The practical scope of what VPC connected workflows unlock is broad. Pipelines can now pull directly from NCBI and Ensembl at runtime, eliminating the need to mirror public datasets into private storage. They can authenticate against AWS Secrets Manager to retrieve credentials without embedding tokens in workflow code - a meaningful security improvement for teams handling protected health information or proprietary data. They can query internal resources such as Amazon RDS databases and DynamoDB tables, connecting genomic computation to operational data that previously had to be exported and staged separately.

Cross-region S3 access is also now possible without deploying HealthOmics infrastructure in additional regions. Workflows can transfer data from FTP and SFTP endpoints mid-run, which matters for teams that receive genomic data from sequencing centers or clinical partners through standard file transfer protocols. S3 Tables support opens a path for loading variant data directly into analytics-ready formats, removing an intermediate write step that added latency and complexity.

  • Direct access to public repositories including NCBI, Ensembl, and licensed annotation services during workflow execution
  • Runtime credential retrieval via AWS Secrets Manager, replacing hardcoded tokens in pipeline code
  • Connectivity to private VPC resources such as internal databases and operational services
  • Support for FTP and SFTP data transfers within workflow tasks
  • Cross-region S3 access without additional regional deployments
  • Independent license server connectivity with auditable VPC Flow Log records

The Broader Shift in Cloud-Native Bioinformatics

The introduction of VPC connected workflows reflects a broader maturation in how cloud platforms approach scientific computing. Early managed bioinformatics services prioritized security and simplicity by enforcing strict isolation. That was a reasonable starting point, but production genomics workflows have grown more complex. They integrate licensed software, real-time databases, institutional data systems, and regulated credential management. An architecture that treats the network boundary as fixed becomes a constraint as pipelines mature.

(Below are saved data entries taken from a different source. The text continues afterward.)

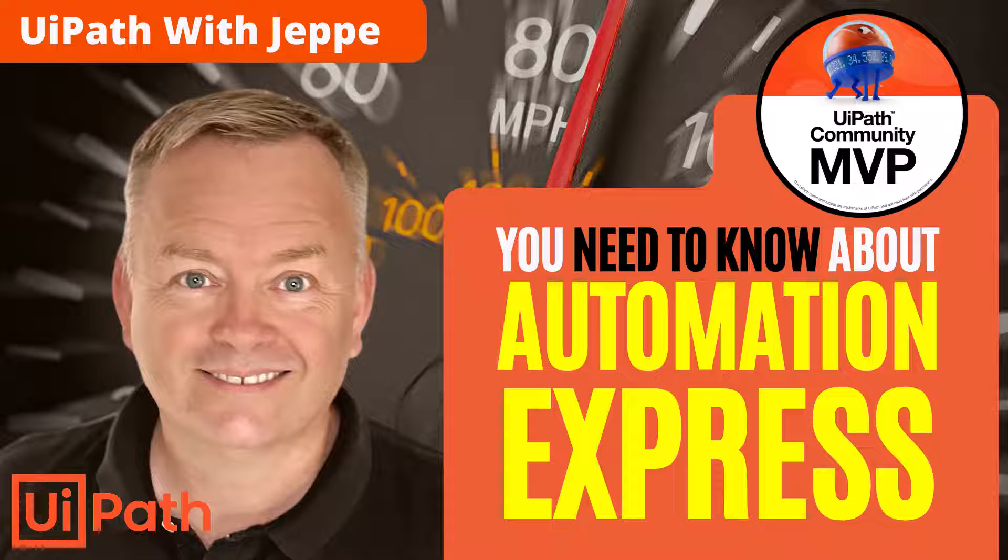Hi, and welcome back to the channel UiPath with Jeppe. Today, we're talking about the Automation Express user license type that can be used for personal automation.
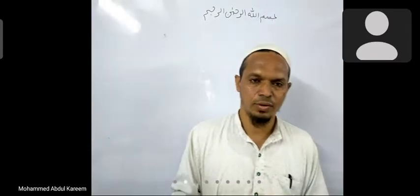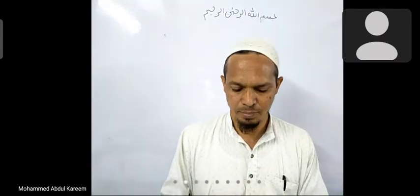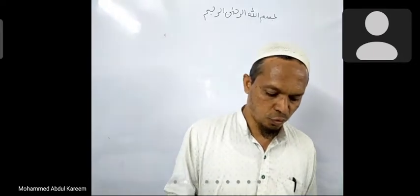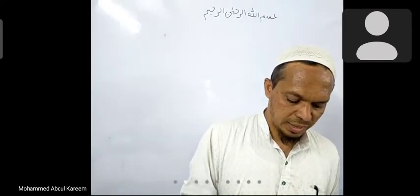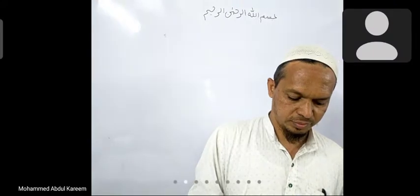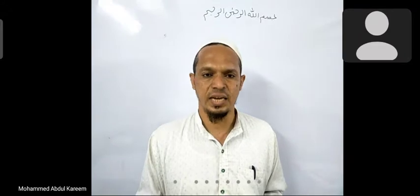Assalamualaikum warahmatullahi wabarakatuh. Bismillah ar-Rahman ar-Rahim. Today we are starting our semester 4. First of all we will take the introduction to the semester 4 syllabus — what we have to study in this semester.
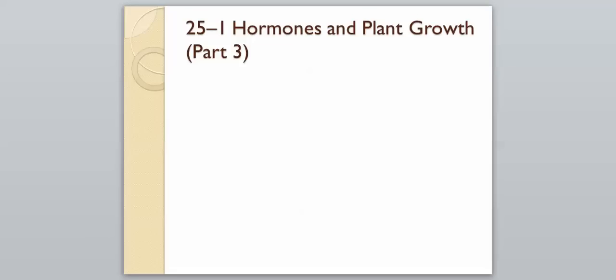Hello Bio 2. We are continuing on with our last part of section 1, hormones and plant growth.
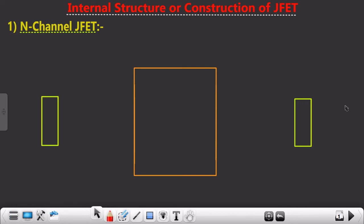Welcome to this new video. In this session we are going to see the internal structure or construction of JFET. Before moving to the construction part, we need to revise two concepts from previous courses. In the second course on semiconductors we learned about intrinsic and extrinsic semiconductors. For designing any electronic component we always make use of extrinsic semiconductors because they yield better results compared to intrinsic semiconductors.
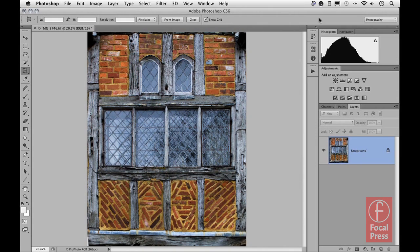If that's the case, I would suggest double-clicking on the background layer to convert it into a standard layer and then using a transform to squash or stretch the image as appropriate. So that finishes this tutorial. There's also another one on the website where I explain some of the new differences that have taken place with the standard crop tool.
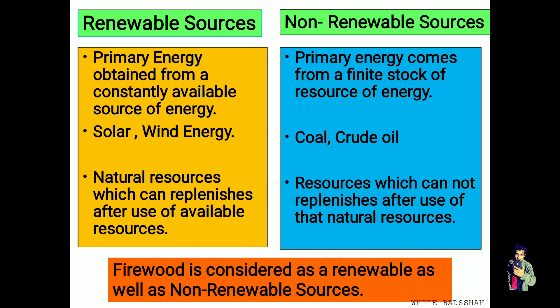Non-renewable sources are primary energy that comes from a finite stock of resources. After one use of that energy source, we cannot further obtain that particular source — this is known as non-renewable. Coal and crude oil, for instance, cannot be regenerated easily after use; it takes millions of years to generate such resources. Solar and wind energy, by contrast, are available naturally and can be used repeatedly. Resources which cannot replenish after use are also known as non-renewable sources.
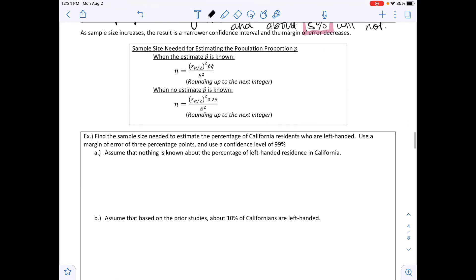As sample size increases, the result is a narrower confidence interval and a smaller margin of error. The formula for sample size needed when estimating a population proportion: when p-hat is known, n equals Z-alpha-over-2 squared times p-hat times q-hat divided by E squared, rounding up to the next integer. When no estimate is known, n equals Z-alpha-over-2 squared times 0.25 divided by E squared, also rounding up to the next integer.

Giving teams control over network topology - rather than imposing a single model - aligns managed bioinformatics services more closely with how enterprise infrastructure teams already operate. The tradeoff is that customers now own more of the configuration surface: subnet design, NAT gateway availability, security group rules, and routing tables all become relevant to workflow reliability. For production environments, AWS recommends one NAT gateway per availability zone to avoid single points of failure. That guidance reflects the same operational discipline expected in any networked production system, applied now to genomics pipelines that may inform clinical decisions.